Advertising and marketing
Advertising and marketing costs are expensed in the period incurred.
Basic and diluted loss per share
The Company computes net income (loss) per share in accordance with SFAS No. 128, "Earnings per Share". SFAS No. 128 requires presentation of both basic and diluted earnings per share (EPS) on the face of the income statement. Basic EPS is computed by dividing net income (loss) available to common shareholders (numerator) by the weighted average number of shares outstanding (denominator) during the period. Diluted EPS gives effect to all dilutive potential common shares outstanding during the period using the treasury stock method and convertible preferred stock using the if converted method. In computing diluted EPS, the average stock price for the period is used in determining the number of shares assumed to be purchased from the exercise of stock options or warrants. Diluted EPS excludes all dilutive potential shares if their effect is anti-dilutive. Basic and diluted EPS is computed using the weighted average number of common shares outstanding. Diluted EPS and the weighted average number of common shares exclude all dilutive potential shares since their effect is anti dilutive.
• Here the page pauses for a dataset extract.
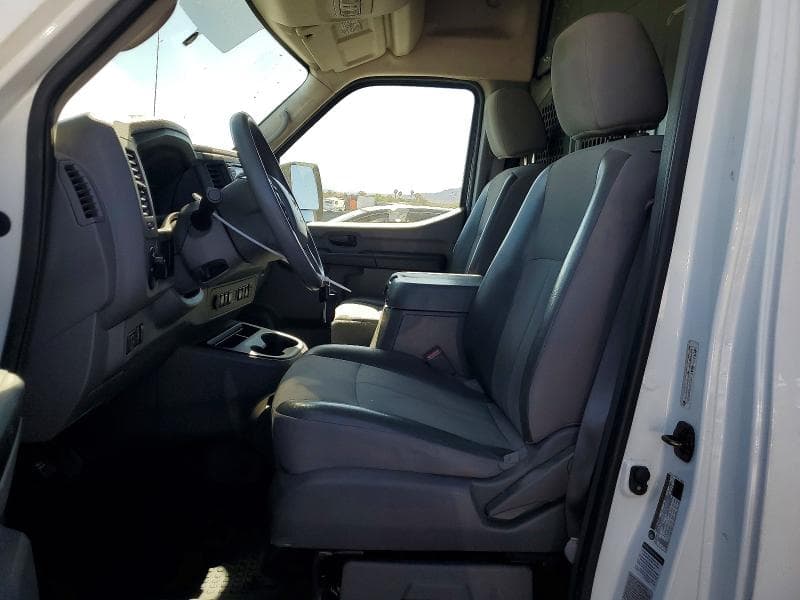 2018 NISSAN NV 2500 HD SV 7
Fair value of financial instruments
The carrying value of the Company’s cash, temporary investments, loans and other receivables and accounts payable and accrued liabilities approximates fair value due to the short-term maturity of the instruments. The fair values of the amounts due to and from related parties are not determinable due to the related party nature of these amounts.
Comprehensive income (loss)
The Company has no items of other comprehensive income (loss) for the three month period ended February 29, 2008.
4. Loan Receivable
This amount represents the balance of a loan issued to 1645194 Ontario Inc. (“1645194”), a related party of the Company. This amount is to be repaid through services provided by 1645194 in the 12 months commencing January 1, 2008. 1645194 is controlled by the spouse of the President and former director of the Company.
Ungava Mines Inc.
(An Exploration Stage Company)
Notes to Consolidated Financial Statements
(expressed in Canadian dollars)
February 29, 2008 and February 28, 2007
5. Mining Properties and Exploration Costs
Pursuant to an Agreement dated January 20, 1995, the Company acquired a 100% working interest in mineral rights to approximately 170 square kilometers of land located in the Ungava area of Ruperts Land, Quebec (the "Property"), subject to two 1% net smelter returns royalties. During a prior year the Property was written down to a nominal amount. This write down occurred prior to the Agreement with Canadian (as noted below).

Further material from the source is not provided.